# Review of Bits Smart Strip



## weverb (Aug 15, 2008)

*What is the Bits Smart Strip?*

"Plug your computer (or other device) into the blue "Control" outlet and your peripherals into the white "Automatically Switched" outlets. When you turn the PC (or other device) on, the Smart Strip turns on the "Automatically Switched" outlets and when you turn the PC off, the Smart Strip completely cuts power to the"Automatically Switched" outlets."

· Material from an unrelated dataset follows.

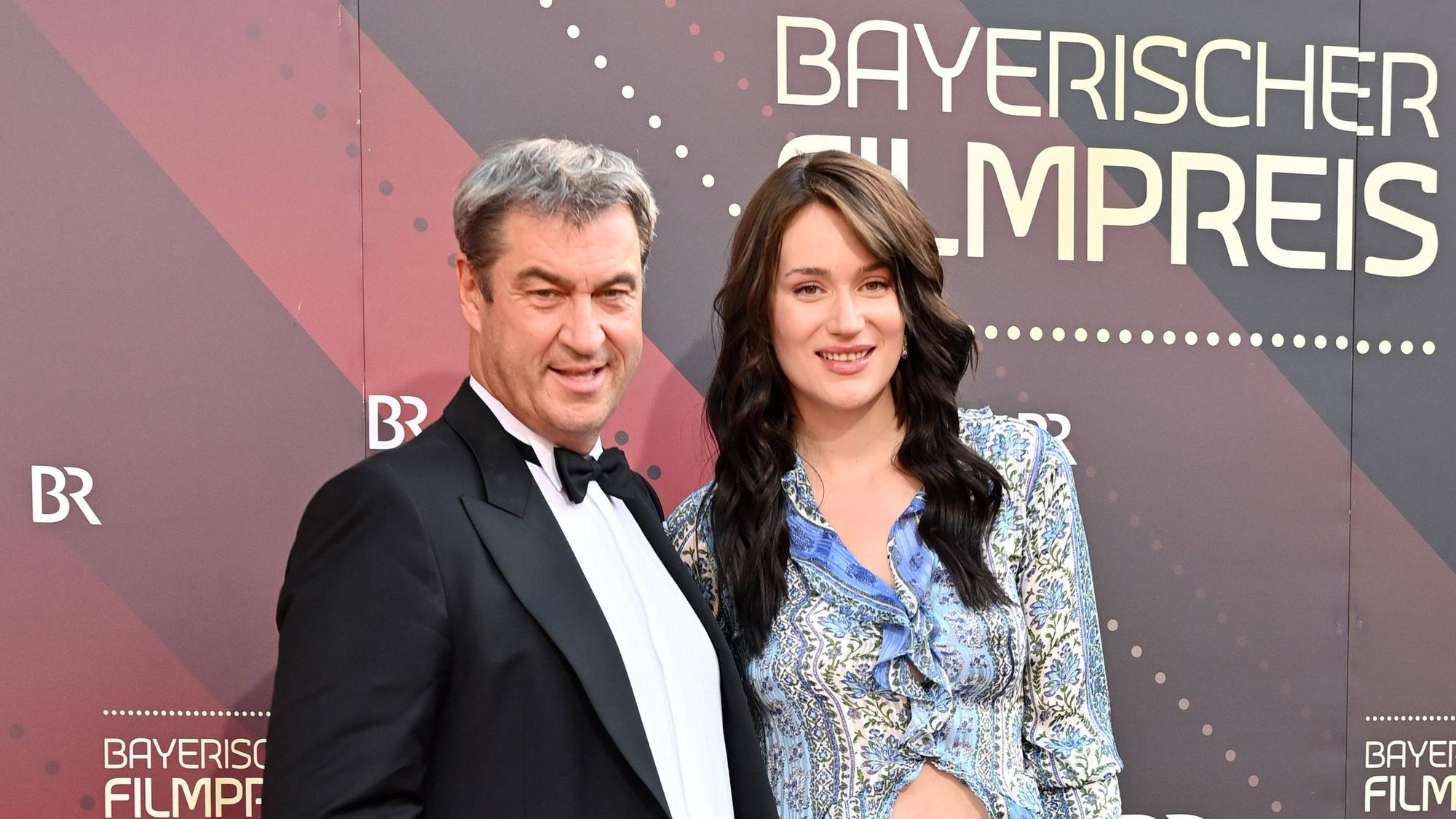 Markus Söder und Gloria-Sophie Burkandt posieren.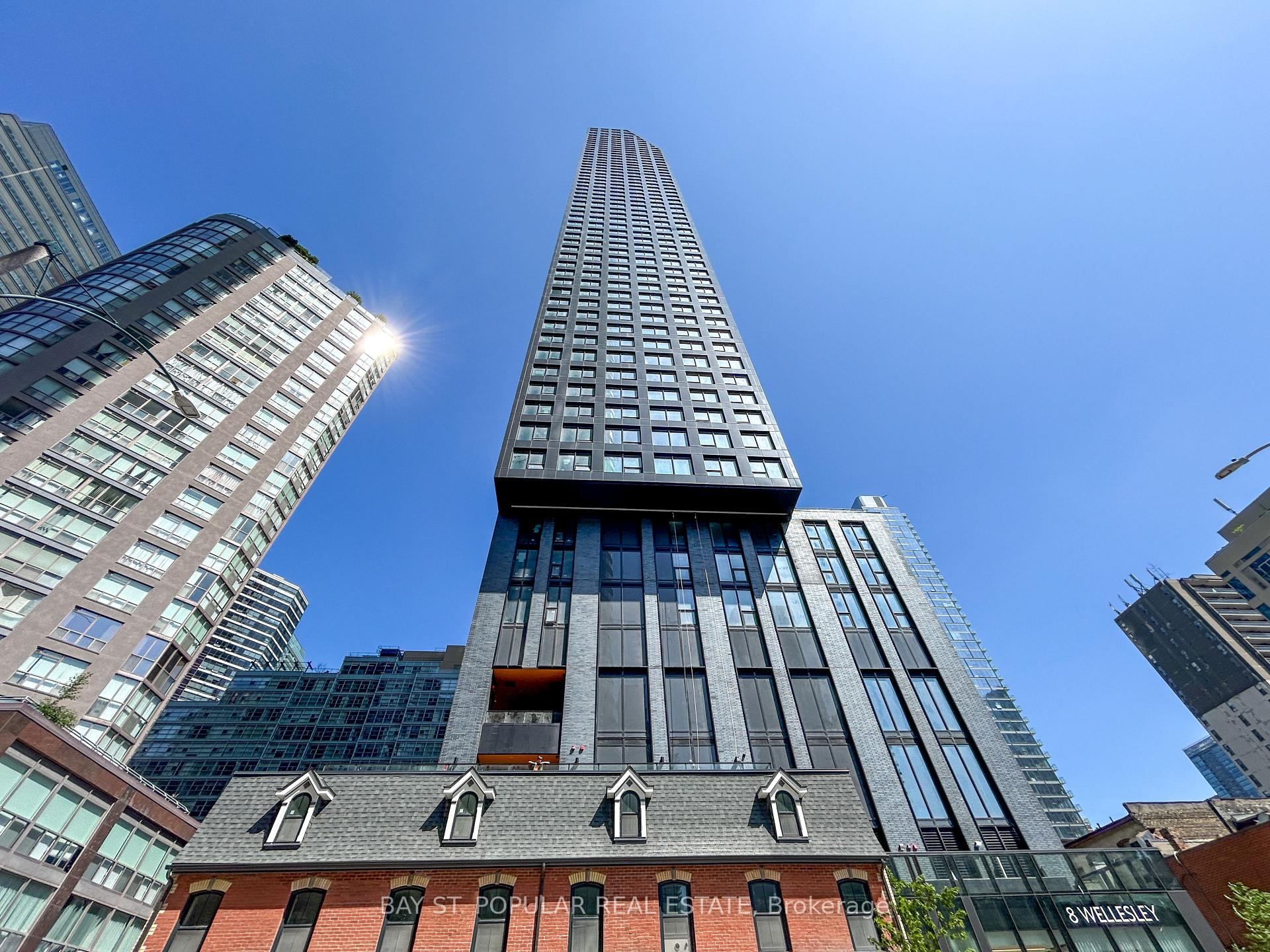 Front of Unit 3002, 8 Wellesley Street W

http://catalog.bitsltd.us/catalog/SMART/power_strips/lbgs/SCG3v3.html

I picked one of these up last week to help with turning on some of my components that my Logitech remote would not turn on. I was mostly after being able to turn on and off my Behringer EP2500 amp with the receiver. I currently have three digital parametric equalizers and the EP2500 connected so that they turn on with the receiver.

*Build Quality*

The Smart Strip seems to be built good. It did not feel like it was going to fall apart when I plugged things in and out of the outlets. There is a nice long 6' heavy gauge power cord. You have the option of a 12' or 20' cord in either white or black. The only down side was the 45 degree plug on the end that forces the cord in one direction (left). So, if you are going to the right out of the wall outlet, you will loose some length.

*Functionality*

After first opening the new Smart Strip, I wanted to test it with something other than my expensive audio gear. I grabbed my wife's hair dryer and a lamp as my test subjects. I plugged the dryer into the "control" outlet and the lamp into one of the switched outlets. It worked just as advertised. The lamp would turn on and off a second or so after the dryer was turned off. The turn on and off delay is NOT adjustable.

Now for the real test. I plugged my receiver into the "control" outlet and three digital parametric equalizers and one Behringer EP2500 into the switched outlets. My initial tests show that everything works properly. The one down side to this strip is that it only has a 15 amp breaker in it. Time and high volumes will tell if this is going to be an issue or not. So far, there are no loud turn on pops/booms or noises from the speakers. There is only the slightest sound from the subs when turned off. It is barely noticeable. Most of the time I do not hear it due to other noises in the room. It is NOTHING like the sound you get when you turn off the BFD! :hush:

Another nice feature on the Smart Strip is the adjustable sensitivity. There is a dial on the side of the unit that you can adjust if your components are not turning on or off with the unit. I did not have to make any adjustments to get it to work with the eq's and amp.

*Overall*

Overall, for $36 this is a good option for those looking for something other than the Sear's/Craftsman option. I have to give it a :T. If seven outlets are not enough for you, there is a 10 outlet version also available.


----------



## Wayne A. Pflughaupt (Apr 13, 2006)

Interesting gizmo, weverb, thanks for the review. Turning gear off and on is a perennial problem - a shame we often have to look outside the audio industry for solutions... :huh:

Regards,
Wayne


----------



## weverb (Aug 15, 2008)

Thanks Wayne,

I have used it a few times for different movies. I also tried some high volume stuff and it has worked just fine. No problems. :nerd:


----------